### Assigned task
Output only the lines of the entries that follow, starting at the one with "Sougayilang Spinning Fishing" and running down to the one with "Rustic distressed wood", both included and unchanged.
(Supplied information begins)
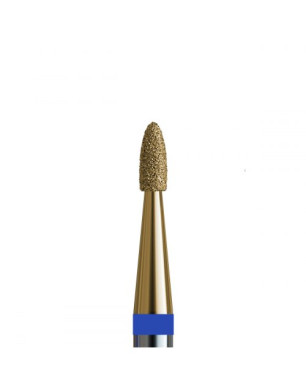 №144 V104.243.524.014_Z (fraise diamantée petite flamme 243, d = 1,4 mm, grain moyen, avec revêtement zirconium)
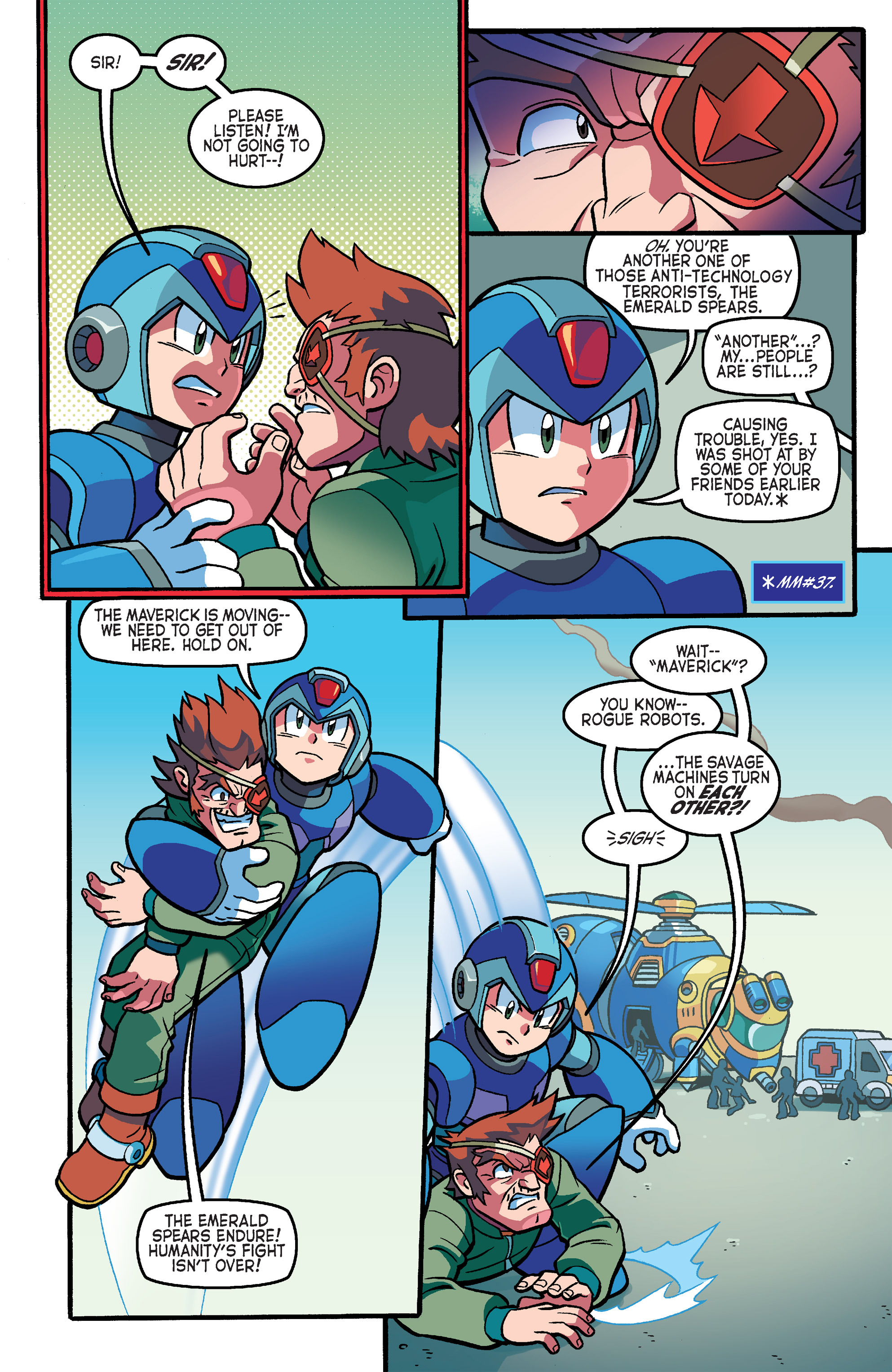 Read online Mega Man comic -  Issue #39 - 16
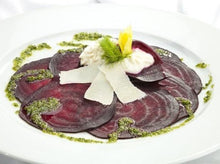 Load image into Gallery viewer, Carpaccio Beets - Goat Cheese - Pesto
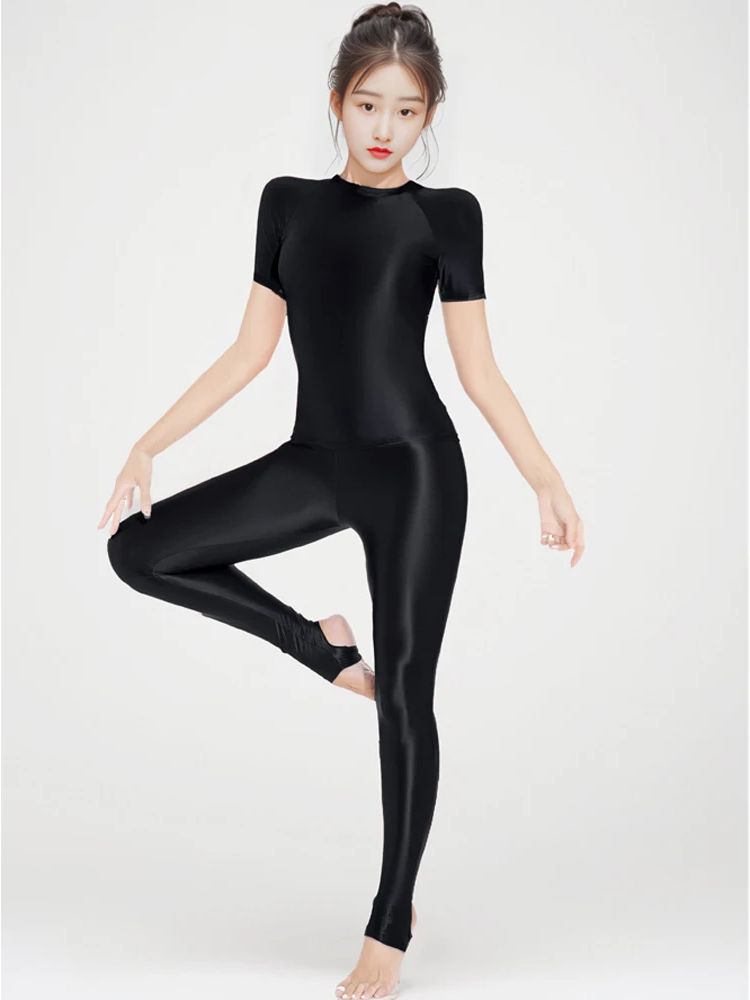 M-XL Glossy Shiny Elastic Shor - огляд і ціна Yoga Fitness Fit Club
(Supplied information ends)
(Supplied information begins)
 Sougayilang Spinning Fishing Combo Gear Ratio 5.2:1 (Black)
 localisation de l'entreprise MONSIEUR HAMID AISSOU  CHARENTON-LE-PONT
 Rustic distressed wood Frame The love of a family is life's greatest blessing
(Supplied information ends)
### Written solution
 Sougayilang Spinning Fishing Combo Gear Ratio 5.2:1 (Black)
 localisation de l'entreprise MONSIEUR HAMID AISSOU  CHARENTON-LE-PONT
 Rustic distressed wood Frame The love of a family is life's greatest blessing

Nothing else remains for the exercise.